Integrate JIRA Cloud with Zephyr using OAuth

Owned by Kevin Pham (Deactivated)
May 18, 2020
3 min read

Steps to Integrate JIRA Cloud with Zephyr using OAuth:

Procedure:

In order to integrate JIRA Cloud with Zephyr using OAuth, please use the following steps:

1. Configure your client application as an OAuth consumer.

  • In JIRA, the OAuth consumers are represented by application links. Application links use OAuth with RSA-SHA1 signing for authentication. This uses a private key to sign requests rather than using the OAuth token secret/consumer secret.
  • In the following steps, we'll be generating an RSA public and private key pair and then creating a new application link in JIRA that uses the keys.
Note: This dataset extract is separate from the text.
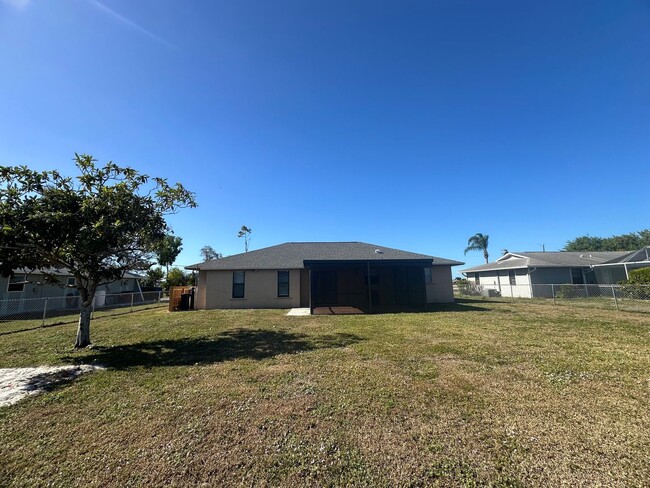 Building Photo - Fenced 3/2 with Screened Lanai in NE Cape Coral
Generate an RSA public and private key pair:

a. In the terminal, run the following openssl commands.

Generating Certificates
openssl genrsa -out jira_privatekey.pem 1024
openssl req -newkey rsa:1024 -x509 -key jira_privatekey.pem -out jira_publickey.cer -days 365
openssl pkcs8 -topk8 -nocrypt -in jira_privatekey.pem -out jira_privatekey.pcks8
openssl x509 -pubkey -noout -in jira_publickey.cer  > jira_publickey.pem

2. Configure the client application as a consumer in JIRA by using the application links.

  • In JIRA, navigate to the cog wheel icon → go the the Applications section → Navigate to the Application links page

Now use the public key .PEM file

3. Make some changes in your Zephyr instance.

  • Log into your Zephyr instance → go to the Administration section → Navigate to the Defect Tracking → Set the Defect Tracking with the admin credentials of JIRA.
  • The user must select the 'OAuth option' and then click on the new dialog box that will appear to configure the save their authentication details.
  • The OAuth details provide the following fields:
    • Name
    • JIRA URL
    • Consumer Key Name (Should be the same as the above provided in JIRA)
    • Consumer Private Key (The private key should be of type Use_privatekey.pcks8)

When you're pasting or entering in your private key, please remove the leading and tailing characters from the private key for JIRA. This is not include and if this is included, you will receive an error. We suggest that you remove these characters of the private key to ensure that your OAuth authentication works properly.


  • Once the user saves the details above, the following pop-up with be displayed.

  • Once you click 'Confirm' users may receive the following pop-up being displayed.

  • Click on the 'Authorize URL' link within the pop-up. A new window/tab will be opened prompting the user to allow and copy the Verification Code. Once copied, it can be entered into the pop-up within Zephyr and then the user can save it.